### Task details
Please repeat exactly the lines from the one containing "Lynne McGranger sparks" through the last line of the records below, leaving out any pictures.

### Source data
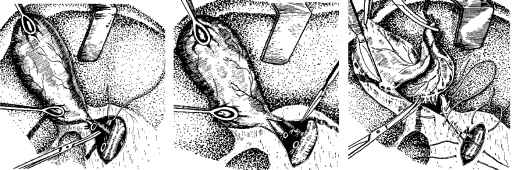 Вона полягає в тому, що спочатку в трикутнику Кало виділяють міхуро-ву протоку й артерію, роздільно їх пересікають між затискачами і перев'язують тонким капроном або шовком (мал. 14, а, б), а потім видаляють з ложа жовчний міхур, просуваючись від шийки до дна (мал. 14, в). За необхідності ревізувати гепатикохоледох куксу міхурової протоки тимчасово залишають під затискачем неперев'язаною.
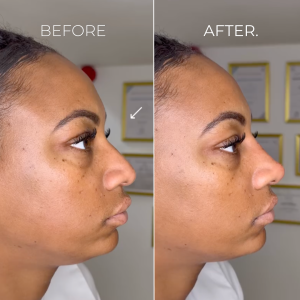 Image - Nose Filler - Tip&Bridge - B&A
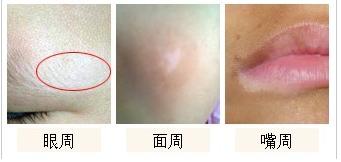 脸上患上白癜风一般有什么症状表现
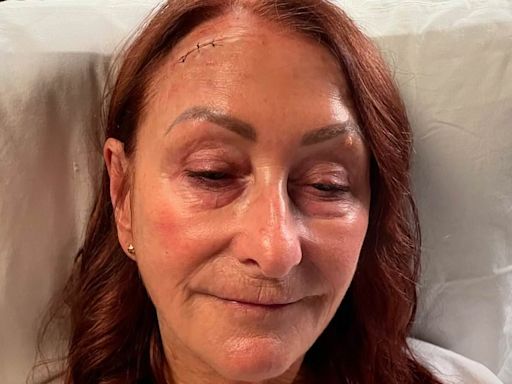 Lynne McGranger sparks concern as she shares photos of shock injuries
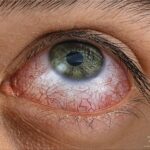 What foods damage your eyes?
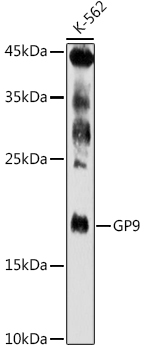 GP9 Rabbit pAb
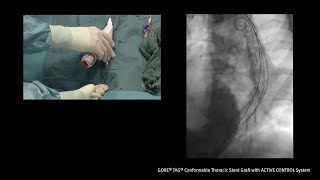 Videos: GORE TAG Conformable Thoracic Stent Graft with ACTIVE ...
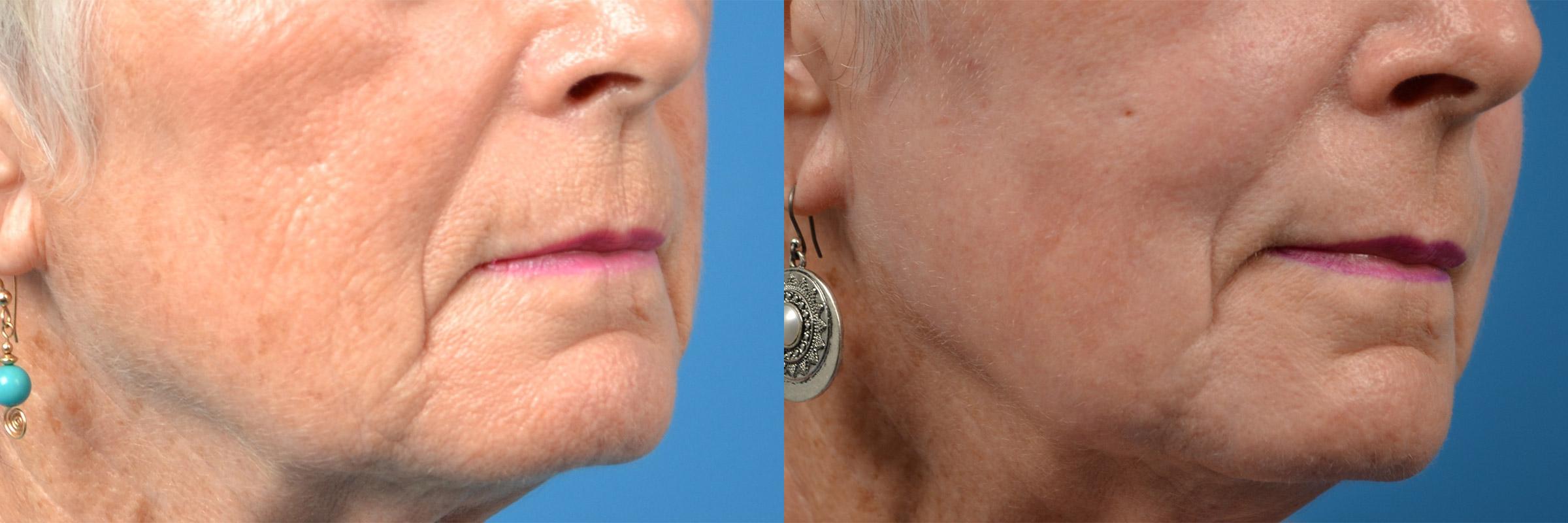 Skin Resurfacing Before & After Gallery - Patient 122406862 - Image 10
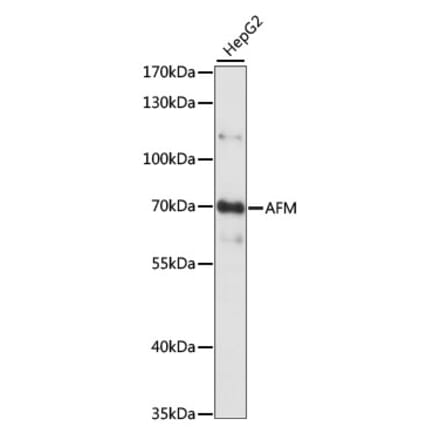 Western Blot - Anti-AFM Antibody (A90928) - Antibodies.com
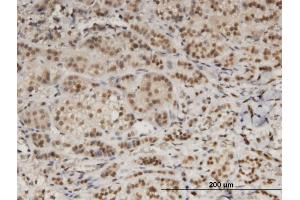 Immunoperoxidase of monoclonal antibody to DDB1 on formalin-fixed paraffin-embedded human adrenal gland. (DDB1 antibody  (AA 1044-1140))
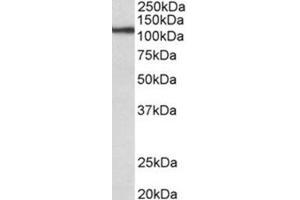 AP31686PU-N (0. (Thyroperoxidase Antikörper  (Internal Region))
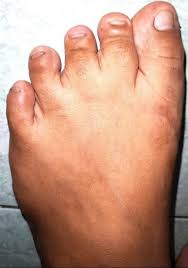 Image result for Onychotillomania feet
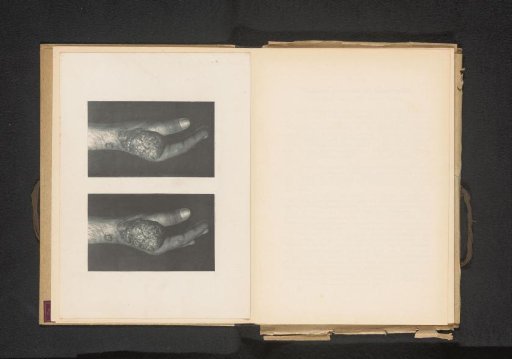 Two views of a hand with a carcinoma
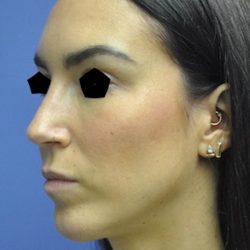 Rhinoplasty Before & After Patient #1042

### Your solution
 Lynne McGranger sparks concern as she shares photos of shock injuries
 What foods damage your eyes?
 GP9 Rabbit pAb
 Videos: GORE TAG Conformable Thoracic Stent Graft with ACTIVE ...
 Skin Resurfacing Before & After Gallery - Patient 122406862 - Image 10
 Western Blot - Anti-AFM Antibody (A90928) - Antibodies.com
 Immunoperoxidase of monoclonal antibody to DDB1 on formalin-fixed paraffin-embedded human adrenal gland. (DDB1 antibody  (AA 1044-1140))
 AP31686PU-N (0. (Thyroperoxidase Antikörper  (Internal Region))
 Image result for Onychotillomania feet
 Two views of a hand with a carcinoma
 Rhinoplasty Before & After Patient #1042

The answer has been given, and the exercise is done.